W ubiegłym roku parlament zgodził się na kremowanie zwłok osobom które taką właśnie wyrażą wolę.
Ale minął rok a krematorium jak nie było tak nie ma. Jest za drogie i nieopłacalne. Koszt to od 4 do 7 milionów euro. Jak znając wyobraźnię Cypryjczyków to w 7 się nie zmieszczą bo przy nadzorze będzie musiało pracować dziesięciu managerów. Do tej pory do kremacji chętnych jest 100 osób. Zatem nie opłaca się inwestować.
A co jeśli do nieistniejącego krematorium ustawiło się w kolejce 100 osób, to ile mogłoby się ustawić jeśli takowe by istniało.
A może ruszyć fundusz unijny?

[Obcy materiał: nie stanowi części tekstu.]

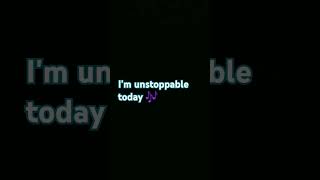 Im Unstoppable song 🎵 [upl. by Standford]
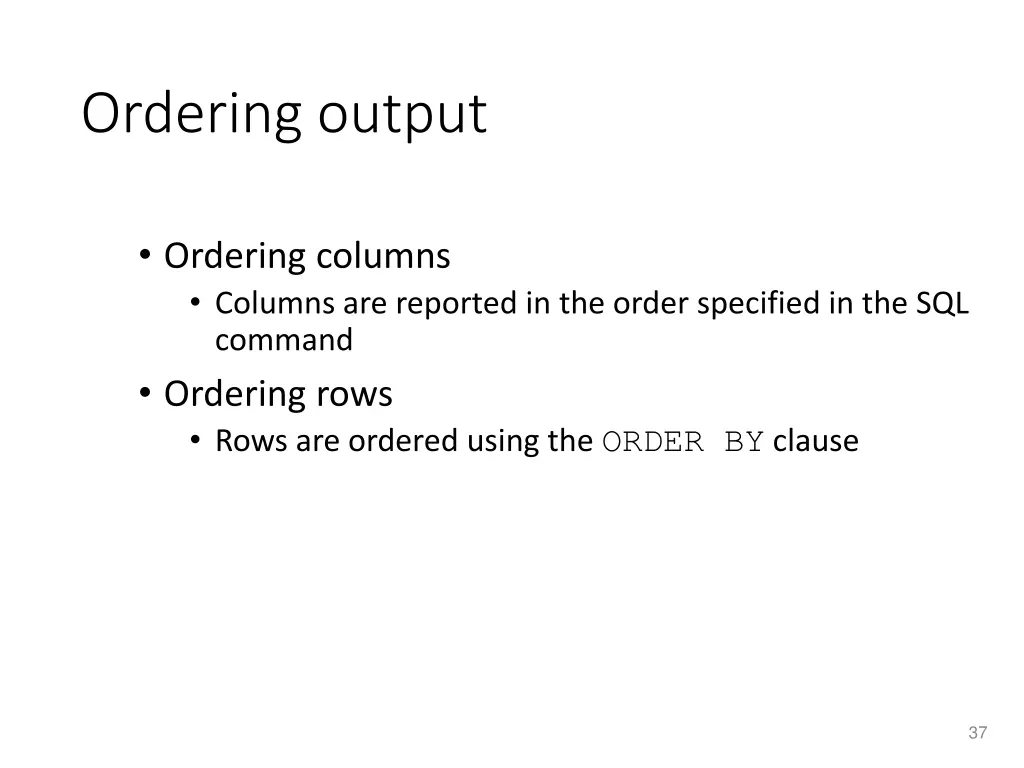 ordering output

Pieniądze przecież są.
Na chwilę obecną zmarli którzy za życia oczywiście złożyli wnioski o kremację, transportowani są do Bułgarii, a to koszt 5000 euro.
Kolejne rozwiązanie od zamorskich firm, przyznam mnie rozbawiło, zamrażanie do 157 stopni w ciekłym azocie. Gdy ciało wraca do niższej temperatury, zmienia się w proch. Takie praktyki są szeroko ostatnio rozpowszechnione w Czechach.